The Occupational Safety and Health Administration (OSHA) has put in standards to ensure the safety and health of all the employees that are working for companies with over 10 staff members. These safety regulations include anything from grain safety in the agriculture sector to hearing protection at construction sites. OSHA has stated that anyone that is exposed to 90 dB TWA (time-weighted average) for 8 hour or more hours, the employer must implement a hearing conservation program. A hearing conservation program can be a simple program that provides hearing protection devices to the employees that are potentially being exposed to these harmful measures. The only regulations that OSHA provides for these hearing protectors are they must be “comfortable to wear and offer sufficient attenuation to prevent hearing loss” (United States Department of Labor). In terms of the policy that is in question, there are several issues with this broad statement that OSHA provides in this prevention policy. Unfortunately, many companies will not provide sufficient protection devices; they can be ill-fitting to the population, and many are not feasible in the work environment. The average noise at a construction site is 102.9 dB, which is well over OSHA standards for noise exposure (Birkner, 2012). The hearing protection devices that many companies provide will only supply 7 dB of attenuation, making the noise exposure continuously well above the acceptable limit. Another glaring issue with this restriction is attenuation is only feasible if the hearing protection device is properly inserted, fit correctly, and worn at all times during the noise exposure. Studies have shown that although subjects were provided with hearing protection devices, employees in hazardous noise environments only wear the provided prevention 30% of the time (Freuler, 2014). Therefore, OSHA is lacking in staff to implement and carry out the regulations that they have put into place. OSHA needs to carry out these laws and apply them because we know employees will not wear protection if they are simply provided with no prior education about the noises that they surround themselves with and are potentially harmful. There are obvious flaws in this method for protecting the hard-working men and women of the United States, and that is why the regulations should be tested.
The type of noise-induced hearing loss that many clinicians are presented with are a result of many years of noise exposure, so thought.
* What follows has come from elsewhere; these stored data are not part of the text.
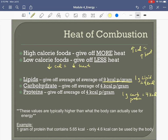Fat gives us almost double the energy per gram compared to carbs and protein. Our muscles like to burn fat because it gives twice the energy — but we can't burn fat right away because it takes too long; there are more steps involved in breaking down fat. So we burn carbohydrates first for quick energy.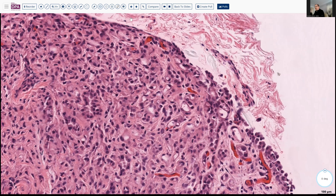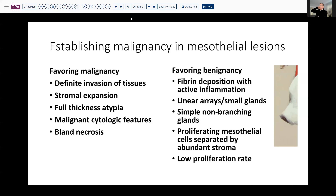Based on the appearance of this tissue, we wanted to think about — well, if this is mesothelium, is this malignant? And that can be a challenge in mesothelial cells.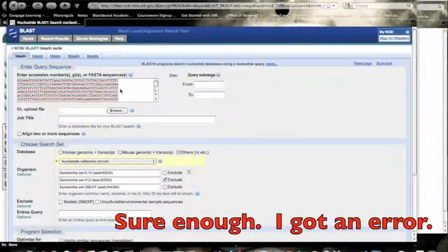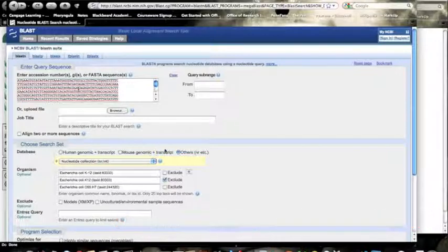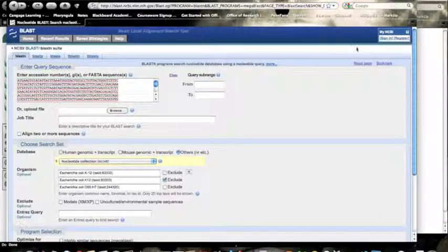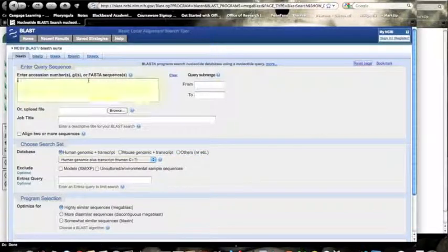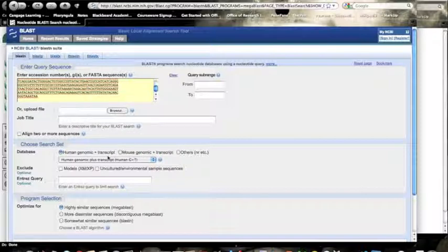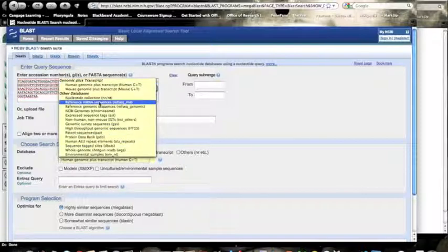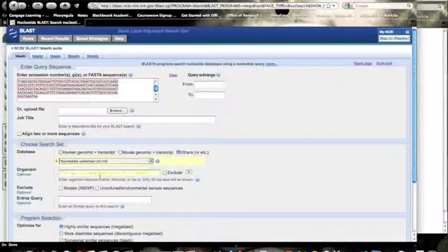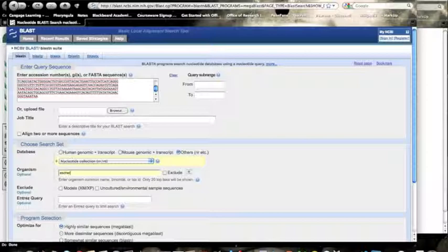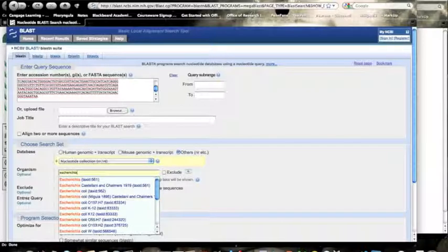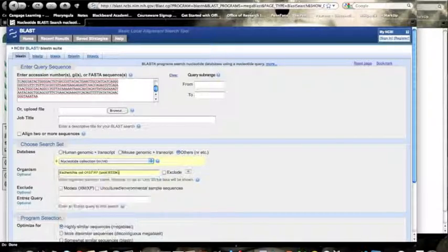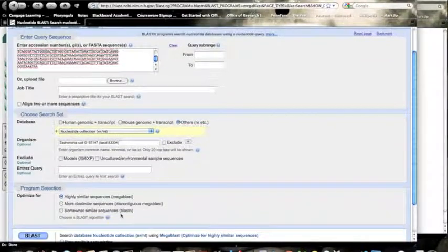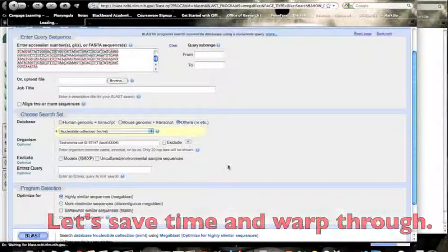Now, to do our positive control, we put in the sequence, and we'll just want to put in the pathogenic strain of E. coli. And there it is. Put that in. Look for highly similar sequences, because it should be in there. And there's our answer.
However, many previous studies have not looked at 24-hour noise exposure, rather 2 hours or 8 hours. Under OSHA restrictions, an 89 dB TWA noise level has no time limit and it is acceptable for employees exposed to this level to not wear any hearing protection devices (United States Department of Labor). This type of long duration noise exposure is quite possibly the case when many employees are working 12, even 48-hour shifts. This leaves the question, can subjects suffer from a permanent hearing loss while still following safety protocol implemented by OSHA?
A large portion of the research that is conducted involving the auditory system uses animal models that can represent the human ear. Numerous animals have varying frequency ranges compared to that of a human, making them less than ideal for an animal model depending on what the researcher is looking for. However, the chinchilla shows a frequency audibility range similar to the range that is observed in humans. There are several other advantages for using chinchillas in auditory research; they can tolerate anesthesia, the cochlea and ear are effortlessly available, electrophysiology measures are attainable and accurate, and this species is less susceptible to ear infections compared to other available animal models (i.e., rat, mouse, guinea pig). All of these factors were taken into consideration when addressing what animal would be best for this research study. Chinchillas were primarily chosen due to the tolerance to anesthesia and the valid electrophysiology measures that can be attained with auditory stimuli.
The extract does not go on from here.